AfIC 2025 Launches in Nairobi With Strong Calls to Mobilize African Capital and Accelerate Investment Action
The Africa Investment Conference 2025 opened today in Nairobi, bringing together investors, policymakers, innovators and CFA charter holders to chart a more decisive course for Africa’s economic transformation. Principal Secretary for Investment Promotion Abubakar Hassan Abubakar delivered the keynote address, highlighting Kenya’s commitment to enabling investment-grade opportunities and strengthening the continent’s collective ability to mobilize capital at scale.
In his remarks, PS Abubakar underscored that Africa’s long-discussed potential has shifted into a phase of accelerated materialization, stating that “Africa’s moment is now.” He emphasized Kenya’s ongoing reforms to improve the investment climate through clearer regulations, predictable policies, modernized frameworks expanding innovation and Industrial Special Economic and Export Processing Zones. “Sustainable growth depends on sustained investment,” he said, adding that Kenya is “engineered for investment” and positioned to operate at regional and continental scale.
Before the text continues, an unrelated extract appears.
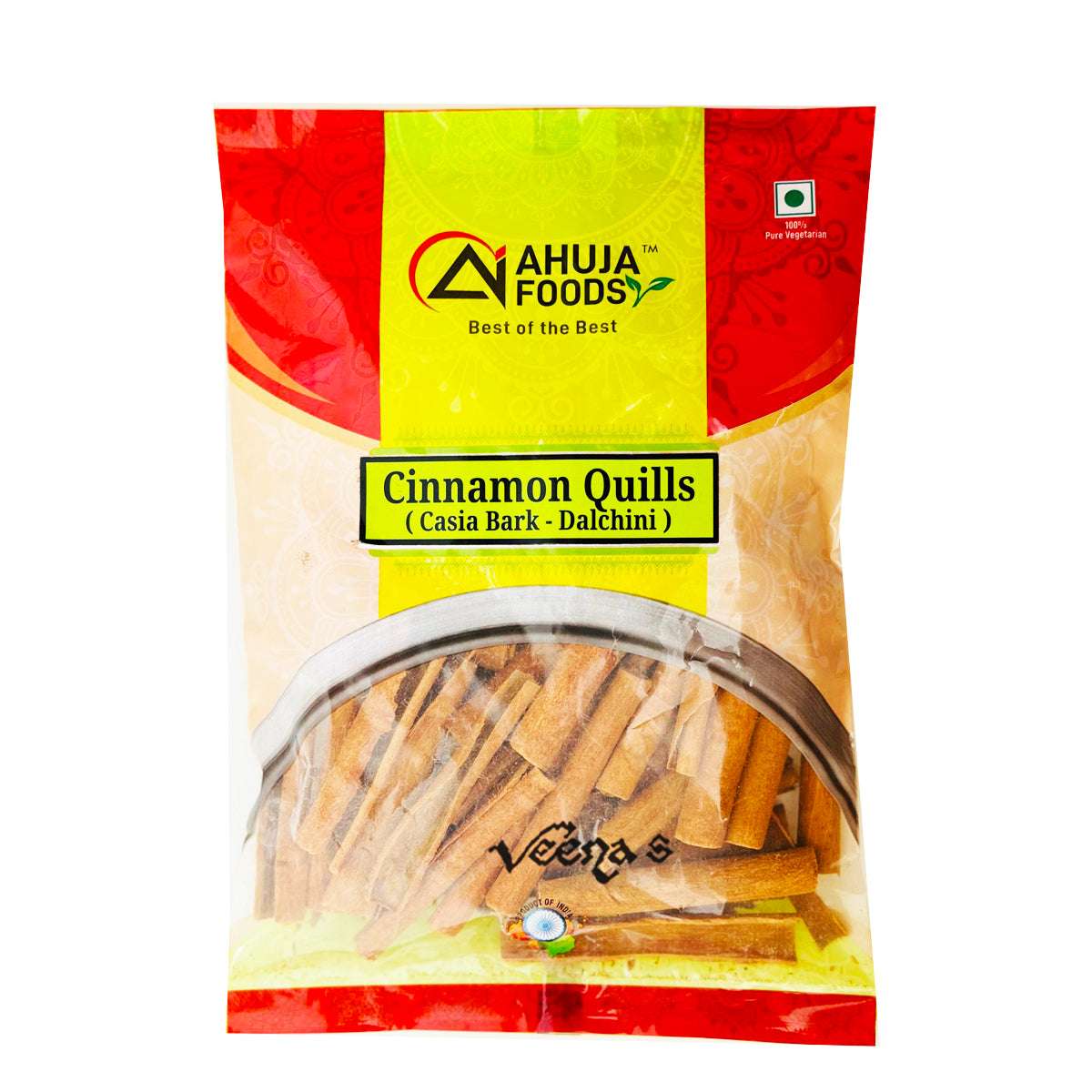 Ahuja Foods Cinnamon Quills (Cassia Bark-Dalchini) 150g - Aromatic cassia cinnamon quills for masala chai desserts and daily cooking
PS Abubakar also highlighted the proposed Draft Public–Private Sector Engagement Bill as a solution, explaining that it would bring Business Membership Organizations (BMOs) under a coordinated umbrella to streamline dialogue, reduce duplication strengthen collective advocacy. He clarified that the Bill is meant not to limit any association’s influence, but to create predictable, accountable structures that boost investor confidence and support Kenya’s shift toward private-investment–led growth.
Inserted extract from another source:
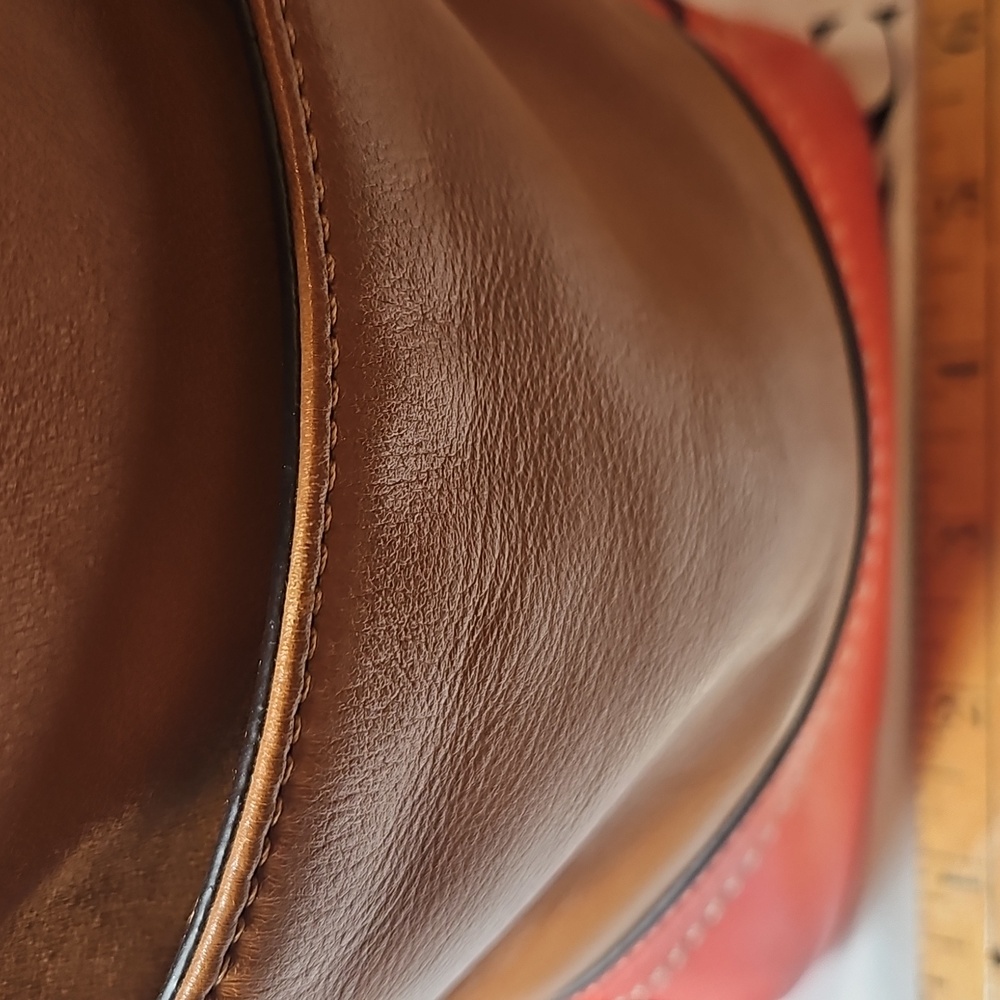 COACH - Colorblock Tote and Matching Wallet Set - Orange/Tan/Navy - Picture 12 of 13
Other speakers reinforced the urgency of action. Oyebanji Fehintola of the CFA Institute and the Africa Finance Corporation (AFC) stressed the need to turn Africa’s potential into investable opportunities backed by domestic capital. Citing AFC’s research, he noted that Africa has at least $4 trillion in domestic institutional capital, but continues to face a significant infrastructure gap requiring $150 billion annually. He warned that “every single dollar will only flow into well-governed, well-structured and well-managed markets,” calling for deeper technical expertise, transparent institutions stronger African talent.
Fehintola also reminded attendees that capital flight undermines investor confidence, saying, “If you are not investing here, what signal are you sending to the rest of the world about investing in Africa?” He underscored the need for domestic pension funds, insurance companies, sovereign wealth funds to increase their participation in African assets.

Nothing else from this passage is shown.